Strand, Under the Dark Cloth (1989)
Ressam Charles Sheeler’la ortaklaşa bir çalışmaya giderek “Manhatta”ya da imza atmış olan Paul Strand, bu belgeselinde ortaya koyduğu özenli kadraj görüntüleri ve kompozisyonuyla fotoğrafçı gözünü yansıtıyordu. Kent senfonilerinde olduğu gibi, bireysel kariyerinde de hayatın senfonilerini yansıtan Strand, Alfred Stieglitz’in de yardımıyla fotoğrafçılığını geliştirme ve eserlerini yayınlama şansı yakaladı. Strand’in fotoğrafçı gözü, onun kameramanlık ve belgeselcilik alanında da çalışmasını da sağlayarak, birçok alanda eser vermesine vesile oldu. “Modern makineyi” en başarılı yöntemlerde kullanan Paul Strand’in sanatına dahil olmamak, fotoğraf sanatıyla ilgilenenler için büyük bir eksiklik olacaktır.

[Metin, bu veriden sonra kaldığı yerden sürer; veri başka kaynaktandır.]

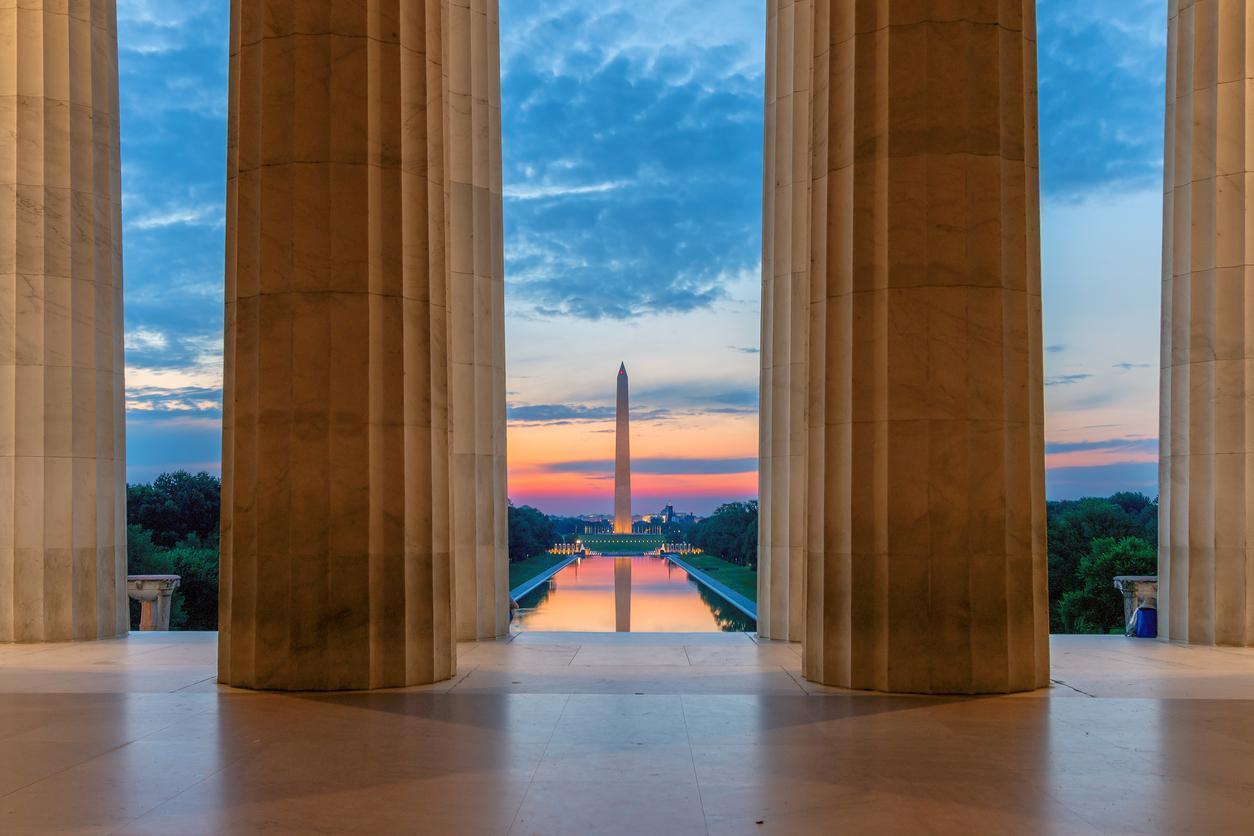 Dünyanın en ünlü kentlerinden biri: Washington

Photographer Man Ray (1998)
Çektiği fotoğraflarda bir obje göstermektense bir fikri yansıtmayı tercih eden Man Ray, bu fikirlerini aktarırken hayallerini ve rüyalarını dile getirmeyi amaçlıyordu. Sürrealizm akımının önde gelen isimlerinden olan Man Ray, ressam kişiliğinin de etkisiyle görsel dünyanın oluşturduğu tüm imgeleri farklı yöntemlerle dışa vurabiliyor; Bréton, Duchamps, Baudelaire, Rimbaud gibi isimlerden de aldığı ilhamlarla, kendi zihninde yoğurduğu benzersiz eserleri ortaya çıkarıyordu. Yeni bir “exposure tekniği” de geliştirerek algılar üzerinde oynama yapan Man Ray, yarattığı her eseri bir kitap niteliğinde okunabilecek sanatçılar arasında yer alıyor ve fotoğrafçılığın yeni yeni gelişim gösterdiği yıllarda ortaya koyduğu benzersiz eserleri dolayısıyla, mutlaka dikkat çekilmesi gereken sanatçılar arasında bulunuyor.

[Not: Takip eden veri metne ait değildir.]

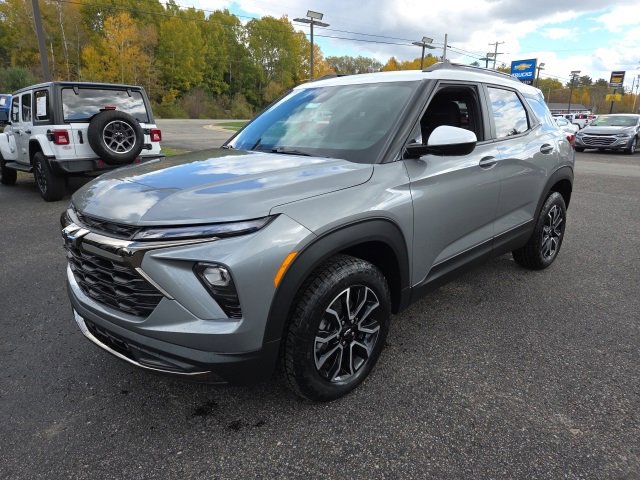 New 2025 Chevrolet TrailBlazer ACTIV w/ Driver Confidence Package image 71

Ansel Adams: A Documentary Film (2002)
Edward Weston ve Imogen Cunningham’la kurduğu F/64 gubuyla tanınan Ansel Adams, Paul Strand’in fotoğraflarından etkilenerek kendini fotoğrafçılığa adamış bir isim olarak karşımıza çıkıyor. Günümüzde dahi birçok poster, takvim ve kitaplarda eserleri kullanılan Adams, Amerikan fotoğrafçılar arasında en belirgin iz bırakan isimlerden biri olmuştur. Ansel Adams’ın hayatını ve yapıtlarını ele alan belgeseli, sanatçının babasıyla olan ilişkisini ortaya koymakla birlikte, kendisini fotoğrafçılığa hazırlayan etmenleri de detaylı bir şekilde ele alıyor. Belgesel, kendi tekniklerini geliştirmekten de uzak durmayan Ansel Adams’ın profesyonel dünyasına konuk oluyor ve mutlaka izlenmesi gerekenler listesine giriyor.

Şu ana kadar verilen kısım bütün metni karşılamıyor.